Exercise data section start

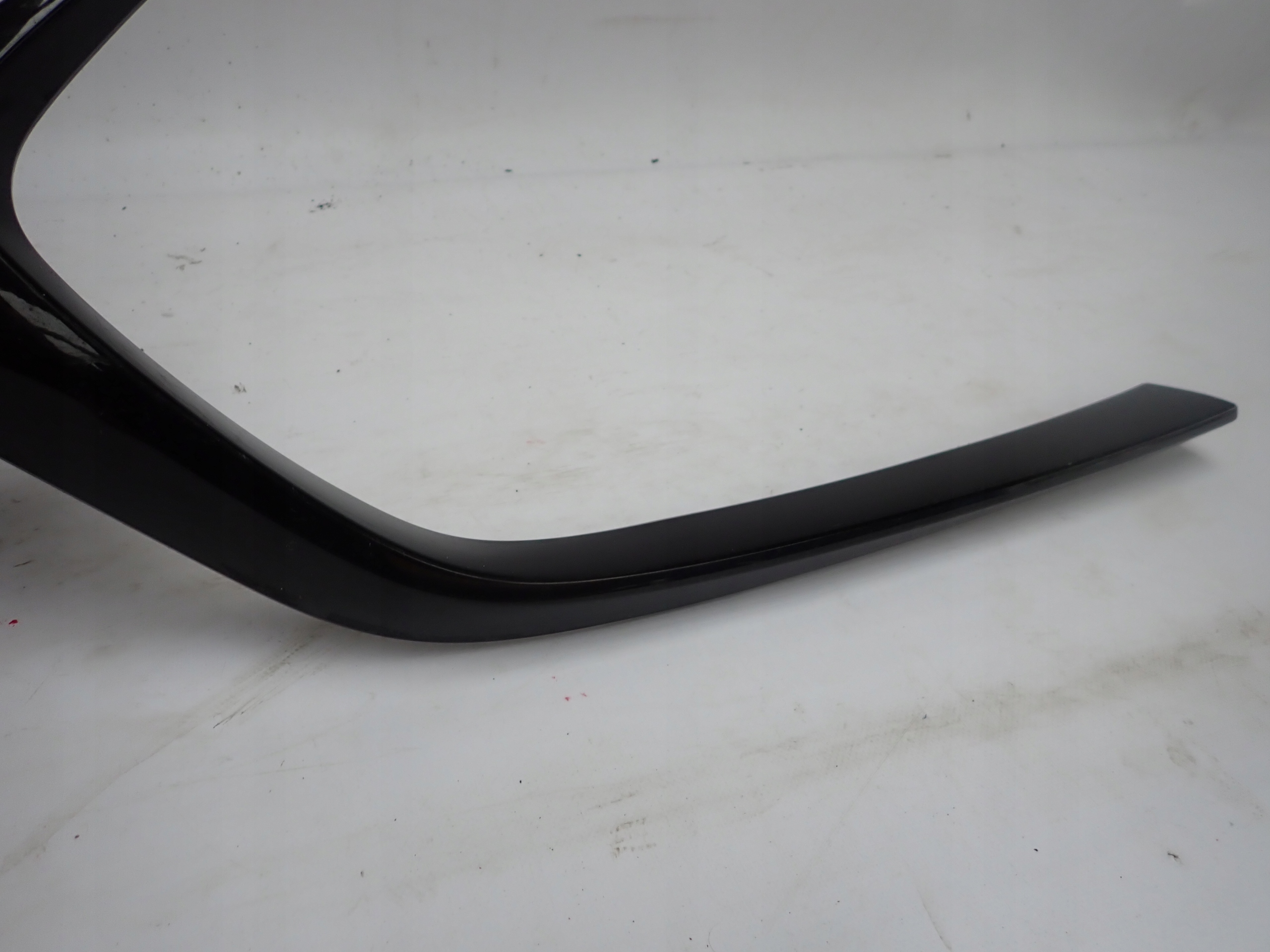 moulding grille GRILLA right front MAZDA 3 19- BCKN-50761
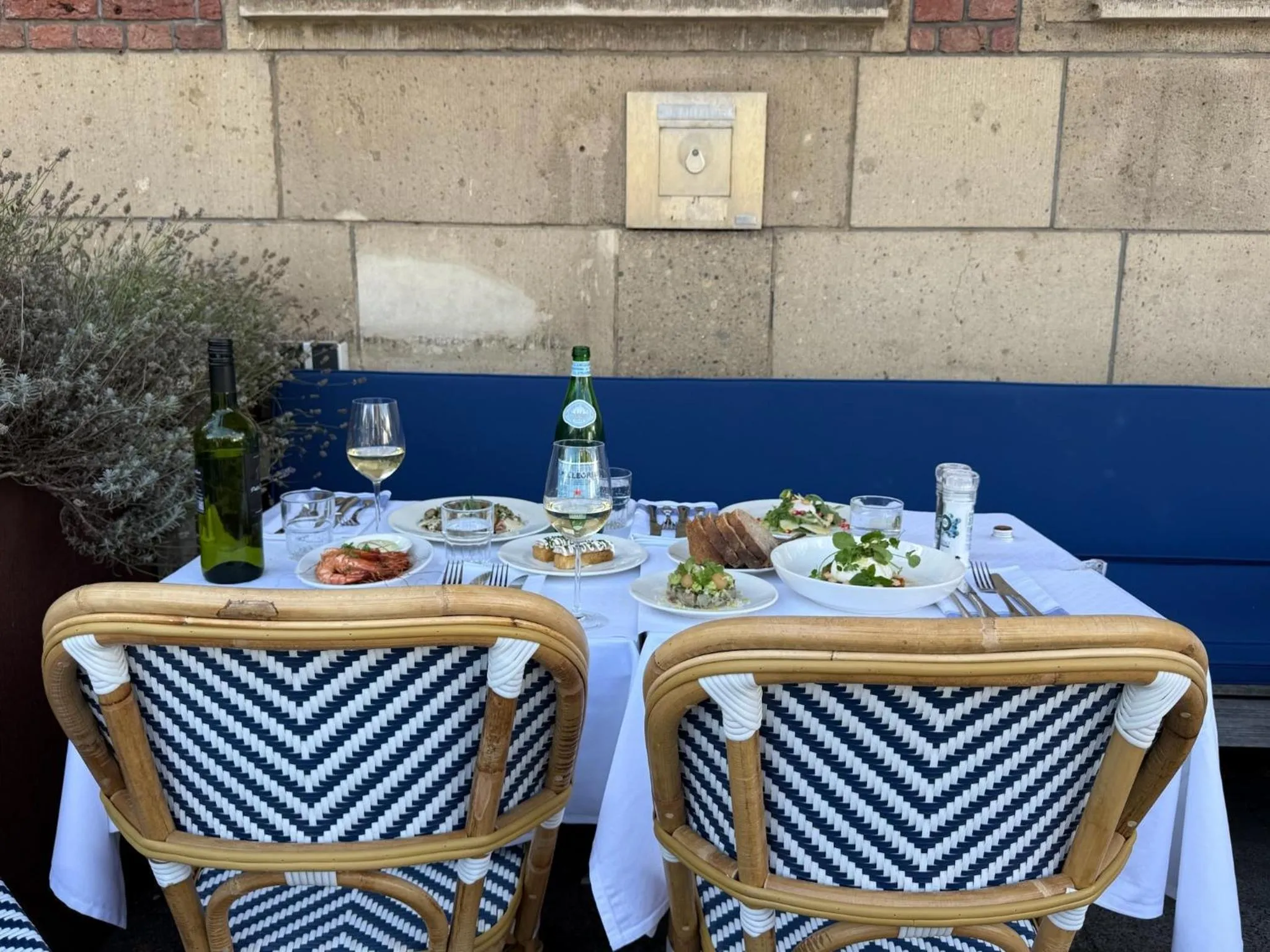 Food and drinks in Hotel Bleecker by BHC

Exercise data section end
Exercise data section start

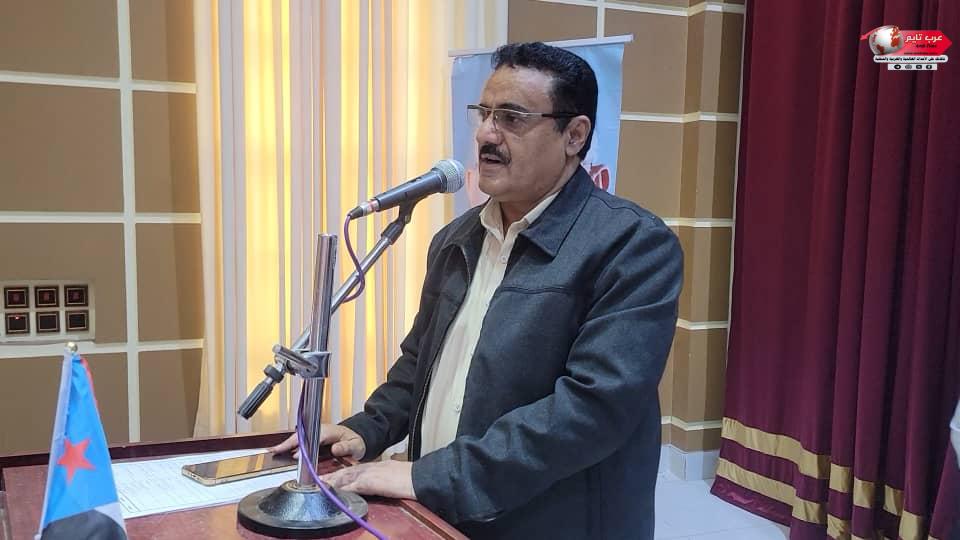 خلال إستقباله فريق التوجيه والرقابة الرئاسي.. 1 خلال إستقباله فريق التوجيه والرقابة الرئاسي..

Exercise data section end

### Requirement
After locating the line containing "moulding grille GRILLA" in the entries above, return it and every line after it exactly, ending at the line containing "Food and drinks in Hotel Bleecker by BHC", without pictures.

### Task result
 moulding grille GRILLA right front MAZDA 3 19- BCKN-50761
 Food and drinks in Hotel Bleecker by BHC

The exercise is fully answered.